Having concluded our read together through Owen’s classic The Mortification of Sin, a gathering of some of my favorite quotations from the book seems to be fitting sort of epilogue. Of course, I did the same with Thomas Watson’s book, Heaven Taken by Storm, but there is certainly a significant difference between the two. Watson is known for his short, quick, and memorable statements, whereas Owen’s sentences are long, trailing, and sometimes difficult to follow. Even so, there are plenty of wonderful quotations from Mortification that are worth recalling.

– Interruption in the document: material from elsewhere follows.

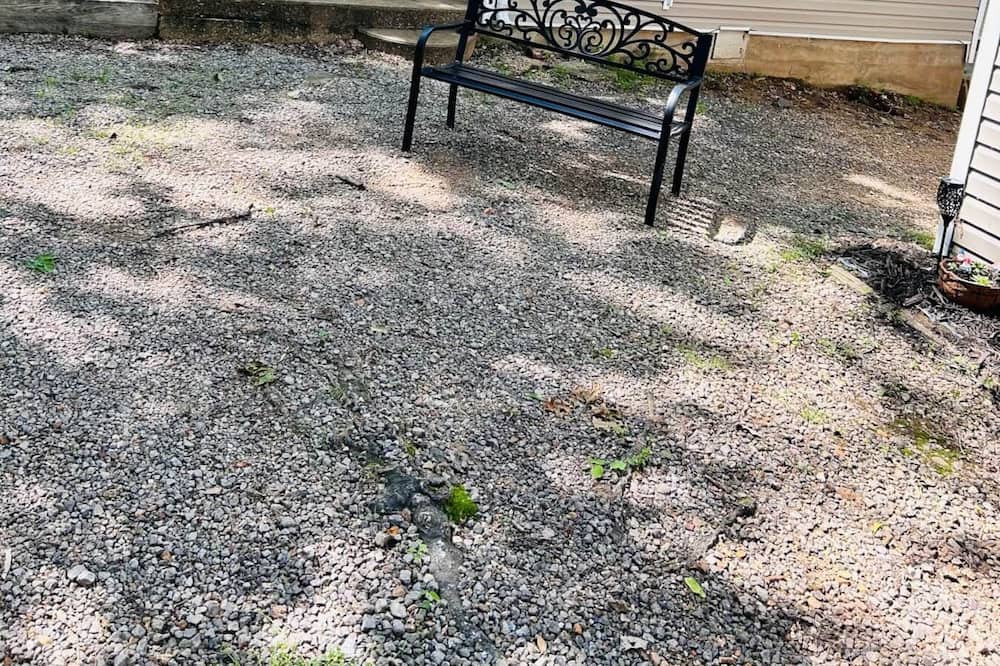 Photo of Others in Piedmont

Mortification from a self-strength, carried on by ways of self-invention, unto the end of a self-righteousness, is the soul and substance of all false religion in the world.

Chapter 1, p. 22

Do you mortify; do you make it your daily work; be always at it whilst you live; cease not a day from this work; be killing sin, or it will be killing you.

Chapter 2, p. 27

When sin lets us alone, we may let sin alone: but as sin is never less than quiet when it seems to be most quiet, and its waters are for the most part deep when they are still, so ought our contrivances against it be vigorous at all times, in all conditions, even where there is least suspicion.

Chapter 2, p. 29

Let not that man think he makes any progress in holiness, who walks not over the neck of his lusts.

Chapter 2, p. 34

Duties are excellent food for a healthy soul; they are no physic for a sick soul.

Chapter 3, p. 42

All communications of supplies and relief, in the beginnings, increasings, actings of any grace whatever from him, are by the Spirit, by whom he alone works in and upon believers.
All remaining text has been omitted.